What I do is use ALT+letter to open the top level menus. (Using the ALT modifier sends the letter with a leading ESC.)

Regarding the function keys: do you mean that you're using the accelerator keys while the menu is open? That's supposed not to work. When in menu mode, accelerators aren't processed because they don't make sense there. e.g. UP ARROW is normally bound to Cursor Up (in the Navigation menu), which moves the cursor in the document, but when a menu is open you don't want that to happen. Also, allowing menu keys to be rebound can potentially cause the user to be completely locked out of the UI.

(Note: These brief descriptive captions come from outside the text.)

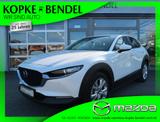 Mazda CX-30 Selection*Automatik*1.Hand*LED*Navi* Mazda - Mazda: Mazda3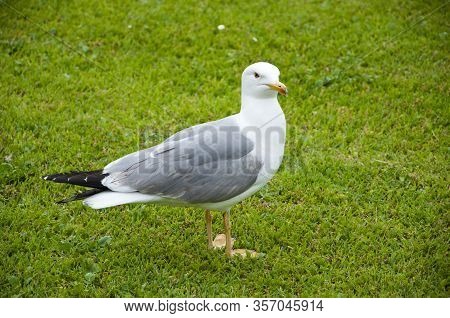 Seagull Portrait Against Green Grass. Gull Walk In Italy Park. Beautiful And Funny Seagull On Green 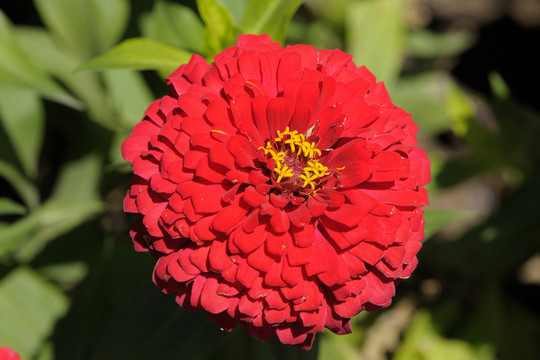 紅花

rogerxxxx commented 1 month ago

Might be nice to add the ncurses ESC delay waiting for additional key press (char) input to the readme, now I completely understand why the delay cannot be worked around. On second thought, maybe proposing a patch for ncurses, an option when using ESC key to turn-off the ESC multi-character or multiple key press function.

I'm just tagging the File menu as F1, ... and so one with Edit F2, Style F3, ... menus, so the sub-menus open as soon as I press the respective function keys.

Would be nice to already pre-define the sub-menus with F1, F2, F3, ... but only temporarily defined so users can choose other keys. This would certainly workaround, for now, the ESC key delay. Many users, including me, expect things to just work at the press of a key with no delays. Encountering delays drives people nuts, unless they're on drugs. And, most do not spend time reading source code, or source code readmes.

In other words, include an example .wordgrinder/startup.lua file for distribution package builders, and include the following:

-- Provide user Function keys for common sub-menus
-- This also worksaround ncurses' ESC key's multi-character delay
OverrideKey("F1", "F")
OverrideKey("F2", "E")
OverrideKey("F3", "S")
OverrideKey("F4", "D")
OverrideKey("F5", "Z")

Currently, at least within 0.8.1 version on Void Linux here, the wordgrinder package includes no example configuration file. If there's no example configuration file, users are less apt to use one or at least learn the configuration file.

Now, I think just the keys need to toggle the sub-menus, rather than stick permanently open until ESC key is closed again. In other words, press F1 key for File sub-menu, press F1 key again for closing (toggling) the sub-menu. Otherwise depending upon the ESC key again inhibits the horrid multi-character ESC delay again!